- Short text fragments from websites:
══════
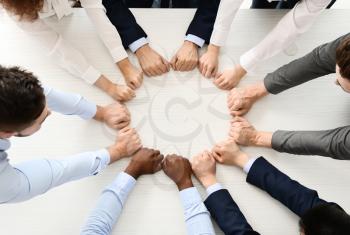 Group of business people putting hands together in office, top view. Unity concept�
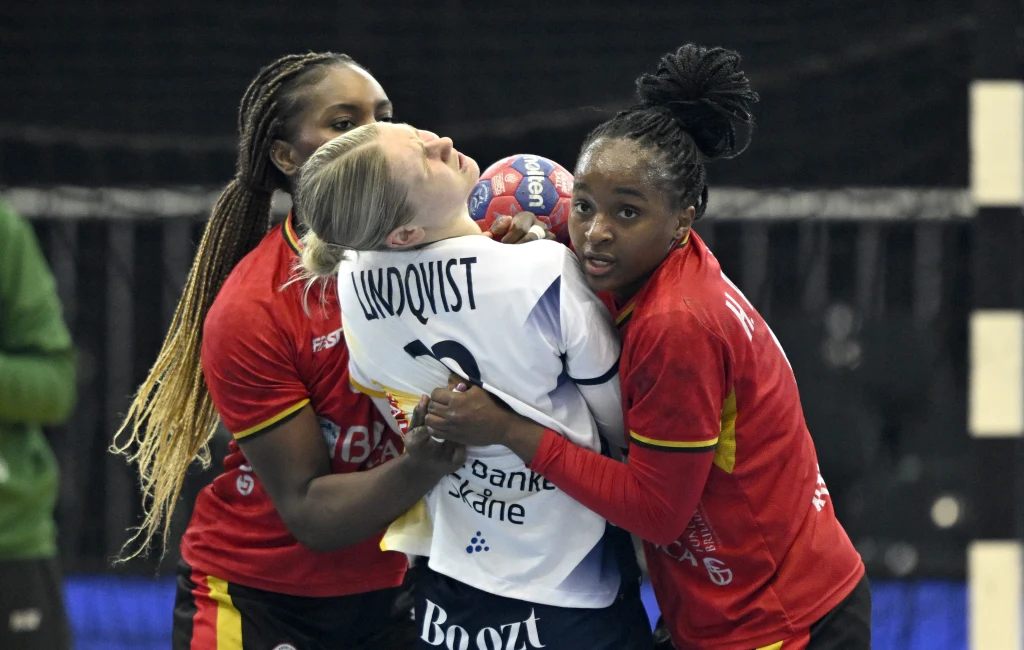 Emma Lindkvist zatrzymywana w meczu Angola - Szwecja Trzy zawodniczki piłki ręcznej podczas rywalizacji na boisku, dwie w czerwonych strojach intensywnie bronią, otaczając zawodniczkę w białej koszulce z piłką w rękach.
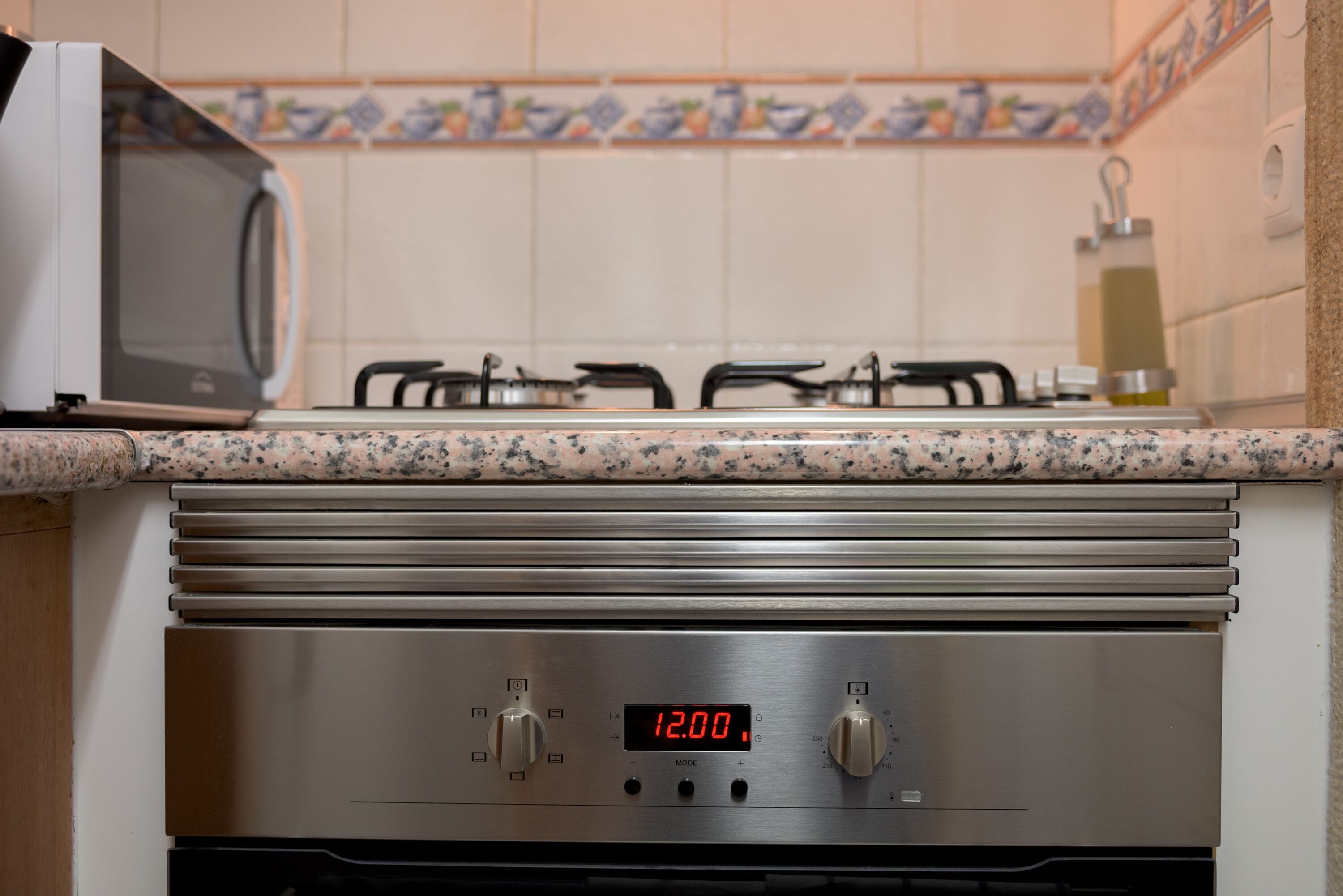 A kitchen with a microwave, gas stove, and stainless steel appliances.
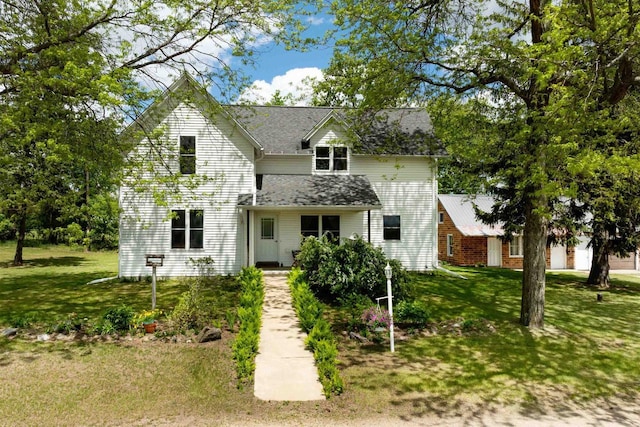 N402 24th Ave, Neshkoro, WI 54960 - traditional-style house with a front yard and a shingled roof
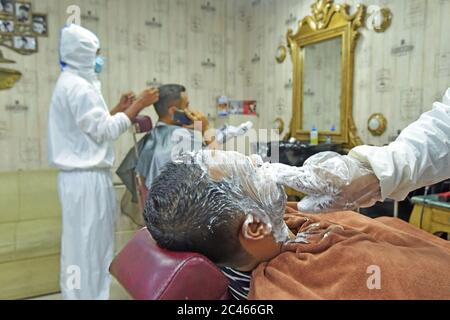 Dhaka, Bangladesh. 23rd June, 2020. Hairdressers in protective suits work at a salon during the COVID-19 pandemic in Dhaka, Bangladesh, June 23, 2020. Credit: Str/Xinhua/Alamy Live News Stock Photo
══════
- WORK ORDER:
Without any pictures, reproduce exactly the lines from the line that contains "A kitchen with" to the end of the entries above, both ends included.

- EXERCISE OUTPUT:
 A kitchen with a microwave, gas stove, and stainless steel appliances.
 N402 24th Ave, Neshkoro, WI 54960 - traditional-style house with a front yard and a shingled roof
 Dhaka, Bangladesh. 23rd June, 2020. Hairdressers in protective suits work at a salon during the COVID-19 pandemic in Dhaka, Bangladesh, June 23, 2020. Credit: Str/Xinhua/Alamy Live News Stock Photo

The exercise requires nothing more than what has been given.